# Information Theory and Coding2009–10

Lecturer: Prof John Daugman
Taken by: Part II
Prerequisite courses: Probability; Mathematical Methods for Computer Science

Number of lectures: 11 + 1 (Mon, Wed, Fri at 10, Lecture Theatre 2)

#### Aims

The aims of this course are to introduce the principles and applications of information theory. The course will study how information is measured in terms of probability and entropy, and the relationships among conditional and joint entropies; how these are used to calculate the capacity of a communication channel, with and without noise; coding schemes, including error correcting codes; how discrete channels and measures of information generalize to their continuous forms; the Fourier perspective; and extensions to wavelets, complexity, compression, and efficient coding of audio-visual information.

#### Lectures

• Foundations: probability, uncertainty, information. How concepts of randomness, redundancy, compressibility, noise, bandwidth, and uncertainty are related to information. Ensembles, random variables, marginal and conditional probabilities. How the metrics of information are grounded in the rules of probability.

• Entropies defined, and why they are measures of information. Marginal entropy, joint entropy, conditional entropy, and the Chain Rule for entropy. Mutual information between ensembles of random variables. Why entropy is the fundamental measure of information content.

• Source coding theorem; prefix, variable-, and fixed-length codes. Symbol codes. The binary symmetric channel. Capacity of a noiseless discrete channel. Error correcting codes.

• Channel types, properties, noise, and channel capacity. Perfect communication through a noisy channel. Capacity of a discrete channel as the maximum of its mutual information over all possible input distributions.

• Continuous information; density; noisy channel coding theorem. Extensions of the discrete entropies and measures to the continuous case. Signal-to-noise ratio; power spectral density. Gaussian channels. Relative significance of bandwidth and noise limitations. The Shannon rate limit and efficiency for noisy continuous channels.

• Fourier series, convergence, orthogonal representation. Generalised signal expansions in vector spaces. Independence. Representation of continuous or discrete data by complex exponentials. The Fourier basis. Fourier series for periodic functions. Examples.

• Useful Fourier theorems; transform pairs. Sampling; aliasing. The Fourier transform for non-periodic functions. Properties of the transform, and examples. Nyquist's Sampling Theorem derived, and the cause (and removal) of aliasing.

• Discrete Fourier transform. Fast Fourier Transform Algorithms. Efficient algorithms for computing Fourier transforms of discrete data. Computational complexity. Filters, correlation, modulation, demodulation, coherence.

• The quantised degrees-of-freedom in a continuous signal. Why a continuous signal of finite bandwidth and duration has a fixed number of degrees-of-freedom.
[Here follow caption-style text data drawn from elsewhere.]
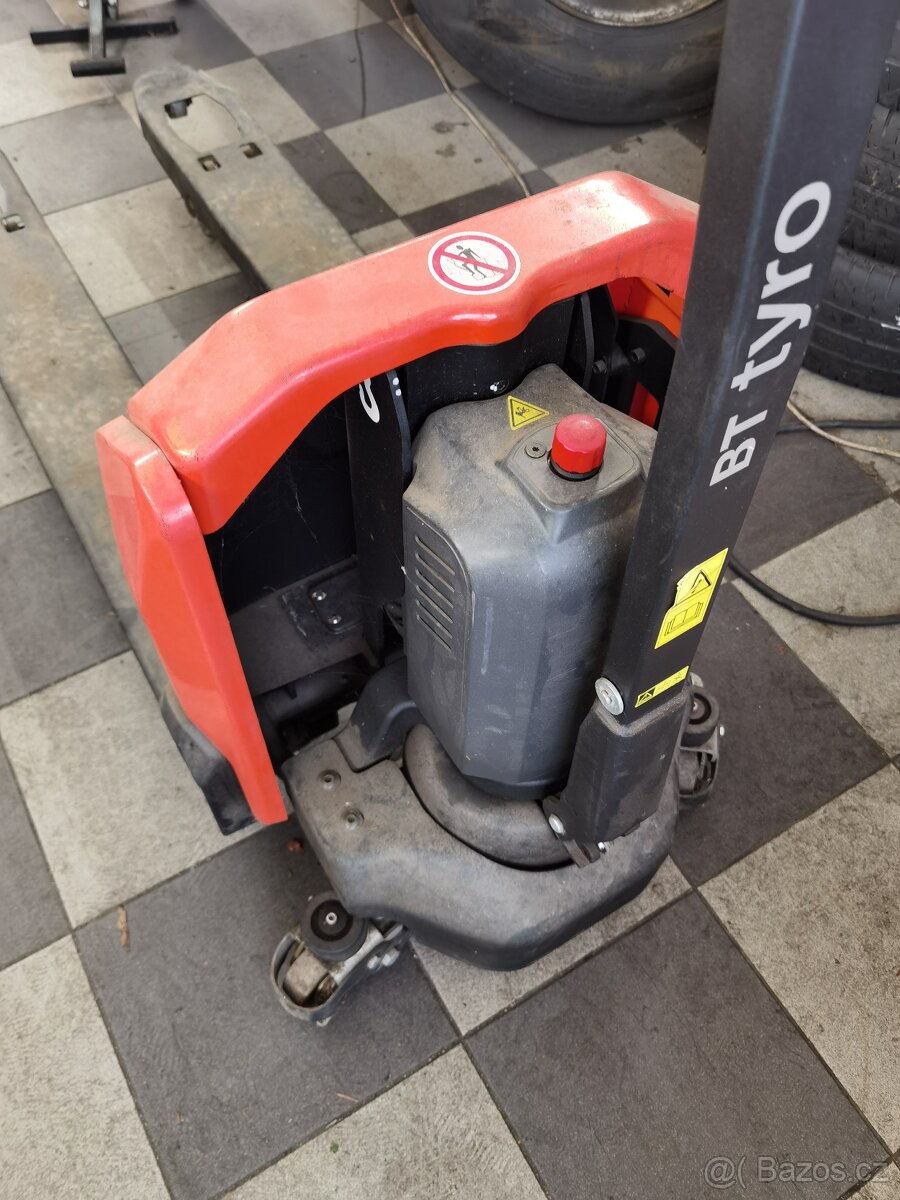Paletový vozík - elektrický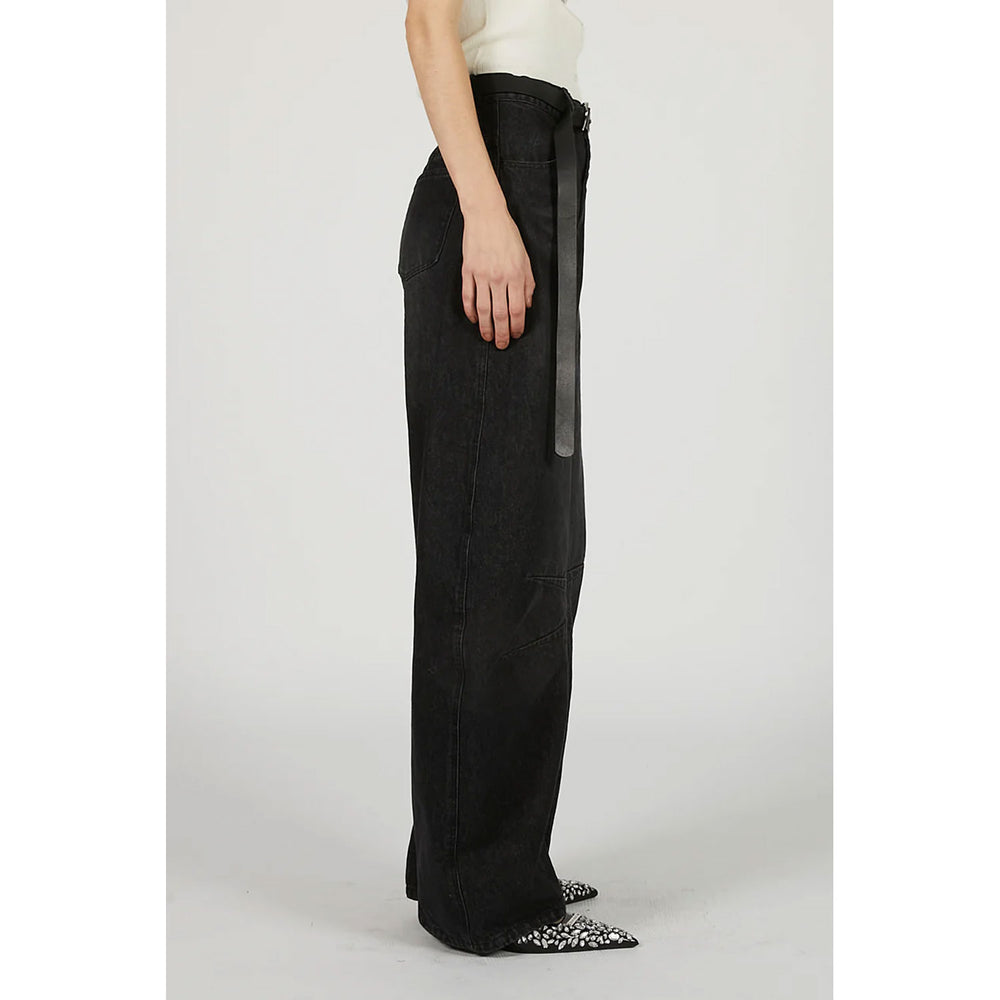 
                  
                    Curve Cocoon Denim-BLACK-
                  
                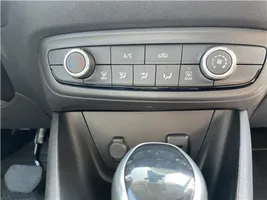 Opel Crossland X Panel klimatyzacji 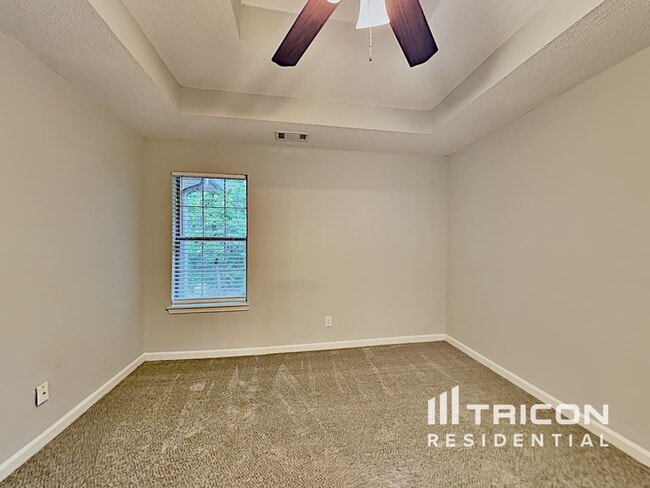 Building Photo - 215 Winterville Dr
Diverse illustrations of the principle that information, even in such a signal, comes in quantised, countable, packets.

• Gabor-Heisenberg-Weyl uncertainty relation. Optimal ``Logons''. Unification of the time-domain and the frequency-domain as endpoints of a continuous deformation. The Uncertainty Principle and its optimal solution by Gabor's expansion basis of ``logons''. Multi-resolution wavelet codes. Extension to images, for analysis and compression.

• Kolmogorov complexity and minimal description length. Definition of the algorithmic complexity of a data sequence, and its relation to the entropy of the distribution from which the data was drawn. Fractals. Minimal description length, and why this measure of complexity is not computable.

#### Objectives

At the end of the course students should be able to

• calculate the information content of a random variable from its probability distribution

• relate the joint, conditional, and marginal entropies of variables in terms of their coupled probabilities

• define channel capacities and properties using Shannon's Theorems

• construct efficient codes for data on imperfect communication channels

• generalise the discrete concepts to continuous signals on continuous channels

• understand Fourier Transforms and the main ideas behind efficient algorithms for them

• describe the information resolution and compression properties of wavelets

#### Recommended book

Cover, T.M. & Thomas, J.A. (1991). Elements of Information Theory. New York: Wiley.

Classical paper by Claude Shannon (1948) for reference: "A Mathematical Theory of Communication"

Lecture Notes (.pdf)

Exercise Problems (.pdf)

Exercise assignments:

• 16 October 2009: Exercises 1, 22(A,B), 20(A), 14(A), and 19(A).

• 23 October 2009: Exercises 3(A), 9(A,B); 5(A) and 8(A-D)

• 30 October 2009: Exercises 4, 5(B), 9(D,E), 10(3), 13, 20(D), and 21.

• 4 November 2009: Exercise 22(D). See also supplementary material for the final lecture (compressive properties of 2D Gabor wavelets, and reconstruction from them) which may be found here.

• Some supplementary material related to this course, but which will not be covered this year, prepared by Dr Markus Kuhn, is deposited here. Much of that material now appears in Dr Kuhn's DSP course.